Kökler, sırtlarda ya da yük hayvanlarının yardımıyla köye taşındıktan sonra küçük çıralara ayrılıyor. Bu çıralar, toprakta özenle hazırlanmış kuyulara simetrik şekilde diziliyor. Üzeri ağaç dallarıyla kapatılan kuyu, çamurla tamamen hava almayacak biçimde örtülüyor.

ATEŞİN DİLİNDEN ANLAYAN NÖBETÇİLER
Kuyunun yalnızca tek tarafı açık bırakılarak ateş yakılıyor. Dumanın dengeli bir şekilde içeri sızmasını sağlamak ve ateşin hızını kontrol etmek için biri sürekli kuyunun başında nöbet tutuyor. Yaklaşık üç gün süren işlem boyunca her üç saatte bir kontrol yapılıyor.
Son aşamada, kuyunun diğer ucundaki kanalın önüne yerleştirilen sopa dikkatlice çekiliyor. Böylece sedir çıralarından süzülen kıvamlı katran yağı yavaş yavaş akmaya başlıyor. Her yıl ortalama 70 ila 80 kilogram arası sedir katran yağı elde ediliyor.
YÜZYILLARDIR ŞİFA KAYNAĞI
Sedir yağı üreticisi Serpil Kaya, bu zanaatın dedelerinden miras kaldığını belirterek, “Atalarımız bu yağı hem evde hem de hayvancılıkta kullanırdı. Eklem ağrılarından deri problemlerine kadar birçok derde deva” diye konuştu.
Süleyman Kaya ise geçmişte balta ve nacaklarla dağlarda yapılan üretimi hatırlatarak, “Bugünkü gibi motor yoktu, teknoloji yoktu ama sabır vardı, emek vardı,” dedi.

YAĞ ÜRETİCİSİ, ÇOBAN VE BİTKİ BİLİRİ
Hem çobanlık yapıp hem de sedir yağı üreten Ramazan Erdoğan ise yağın şifalı yönlerine dikkat çekti: “Hayvanlara damlatıldığında iç parazitleri temizliyor.

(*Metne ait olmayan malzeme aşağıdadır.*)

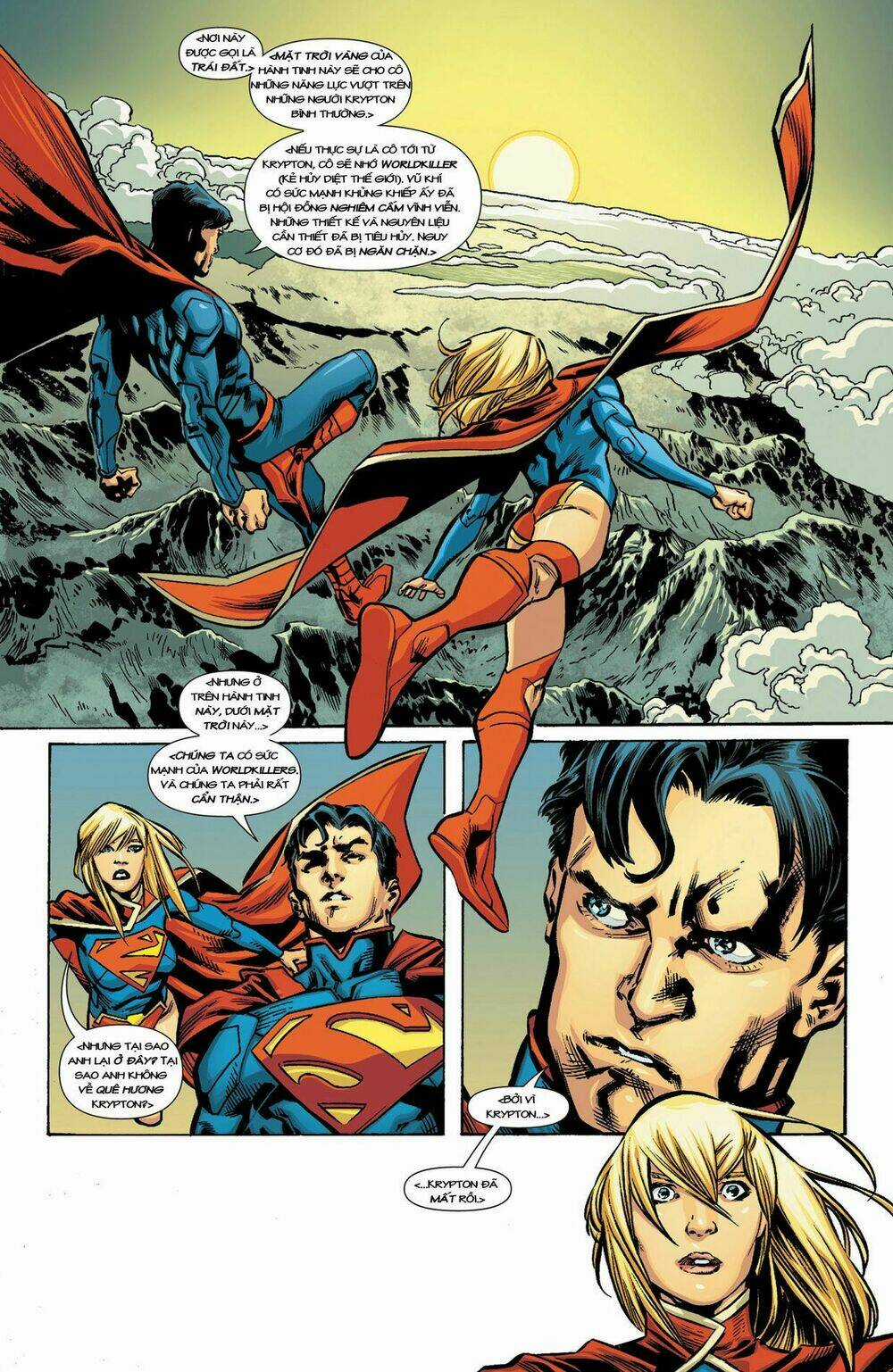 Supergirl Chapter 2 trang 19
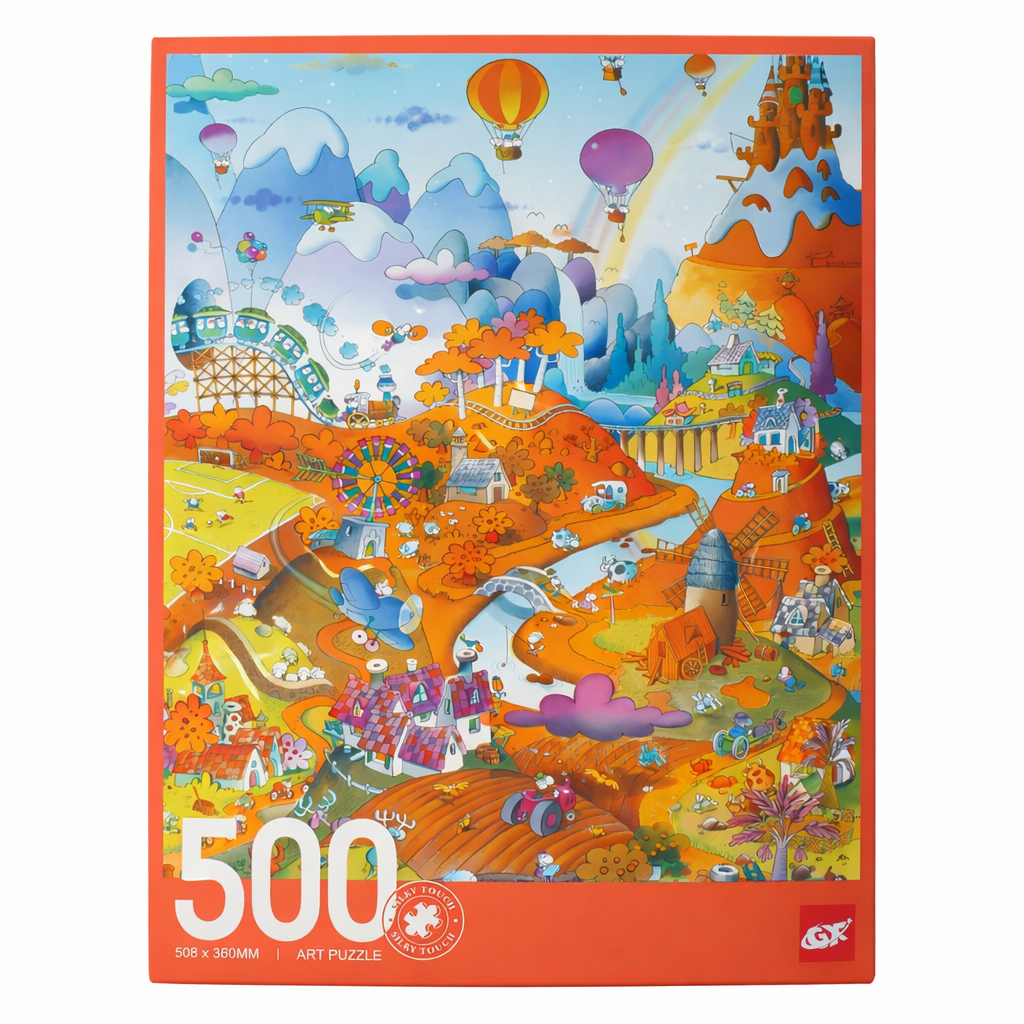 Puzzle 500 pièces – Countryside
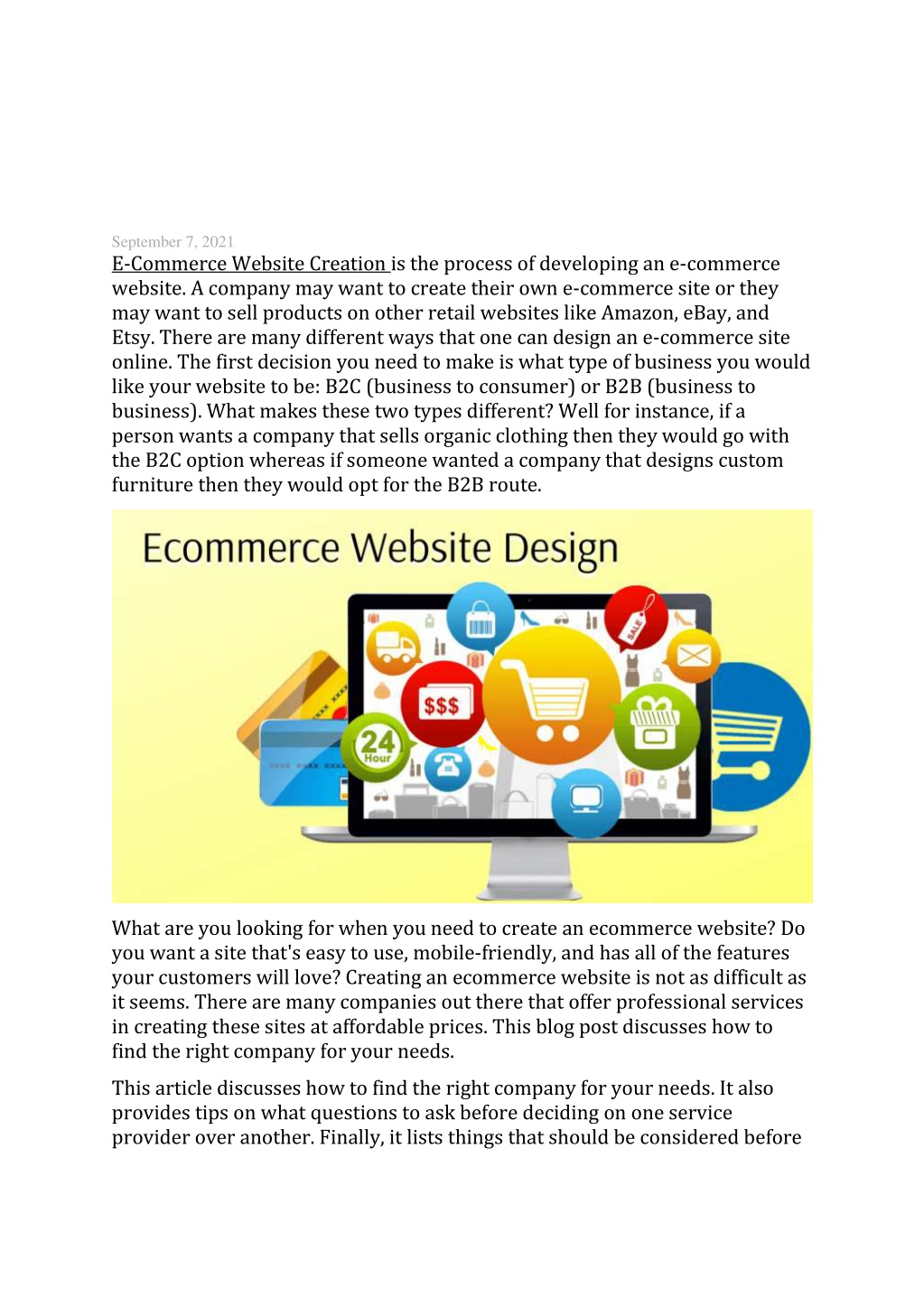 PPT   E Commerce Website Create How To Create Your Own E Commerce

Suya damlatıldığında hayvanlar daha fazla su içiyor. Arılarda bile varroa hastalığına karşı kullanıyoruz.”
Ancak Erdoğan, bu zanaati sürdürecek gençlerin kalmamasından yakındı: “Bu işi yapan genç yok artık. Bizden sonra bu gelenek yok olacak diye üzülüyoruz.”